* **Task**
What is needed is an exact transcription of the listing, with the images removed.

* **Dataset section**
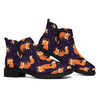 Space Fox Pattern Print Flat Ankle Boots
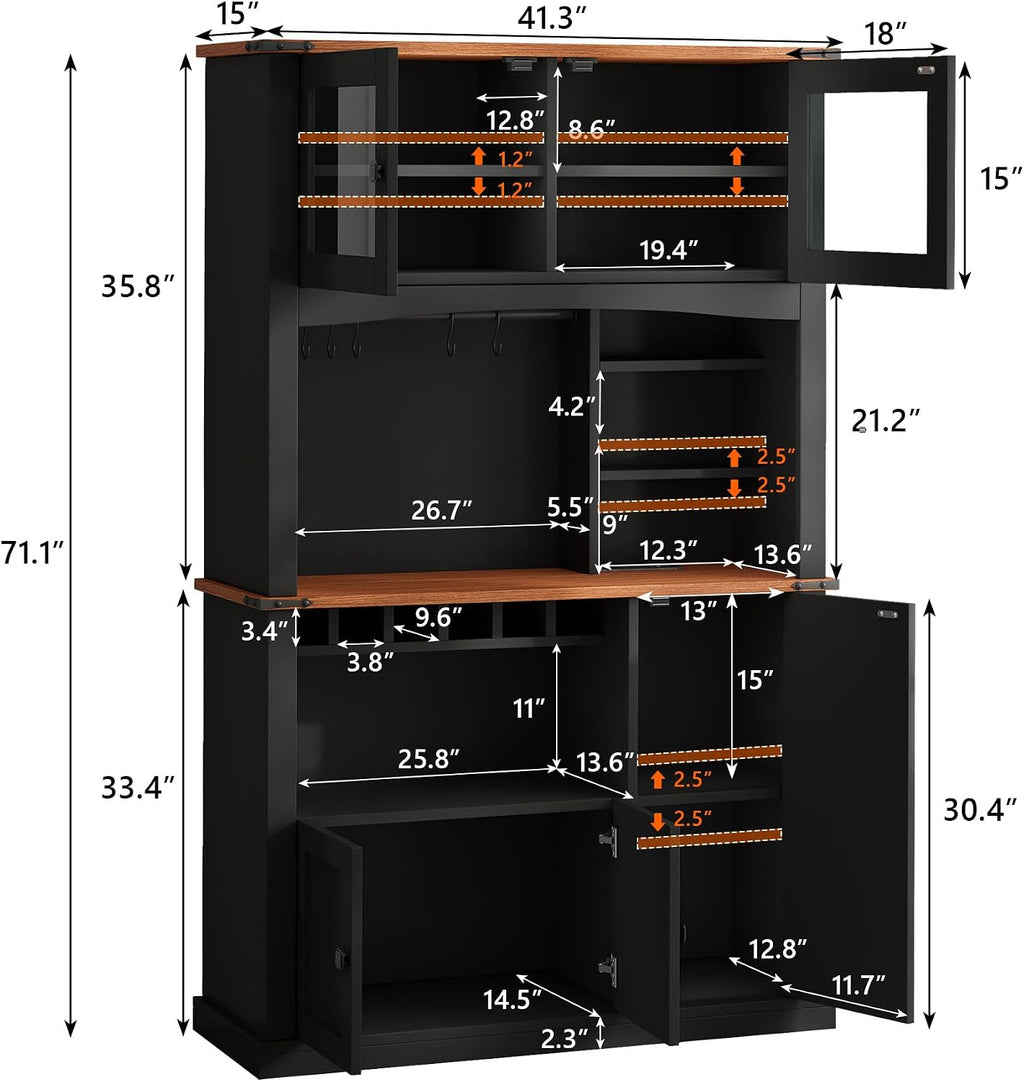 Einhomn 71" Tall Kitchen Pantry Cabinet with Charge Station, 3 Adjustable Shelves, Wine Rack and Glass Door, Kitchen Hutch for Dining Room, Kitchen and Living Room, Black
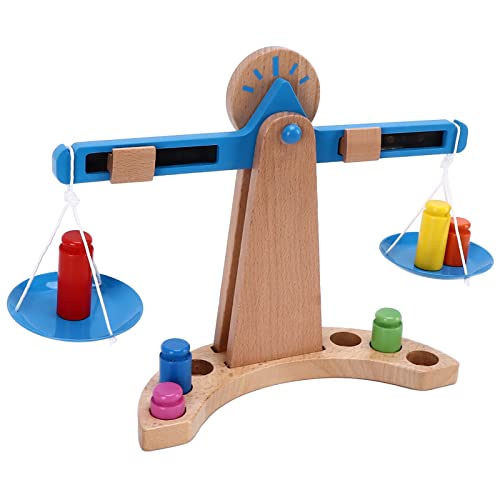 Qcwwy Spielzeugausgleichskala für , Pädagogische Holzwäheskala für die Entwicklung von Kreativität und Vorstellungskraft, Angepasst an die Verbesserung der Händekoordination, Mehr Als 3 Jahre von Qcwwy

* **Exercise result**
 Space Fox Pattern Print Flat Ankle Boots
 Einhomn 71" Tall Kitchen Pantry Cabinet with Charge Station, 3 Adjustable Shelves, Wine Rack and Glass Door, Kitchen Hutch for Dining Room, Kitchen and Living Room, Black
 Qcwwy Spielzeugausgleichskala für , Pädagogische Holzwäheskala für die Entwicklung von Kreativität und Vorstellungskraft, Angepasst an die Verbesserung der Händekoordination, Mehr Als 3 Jahre von Qcwwy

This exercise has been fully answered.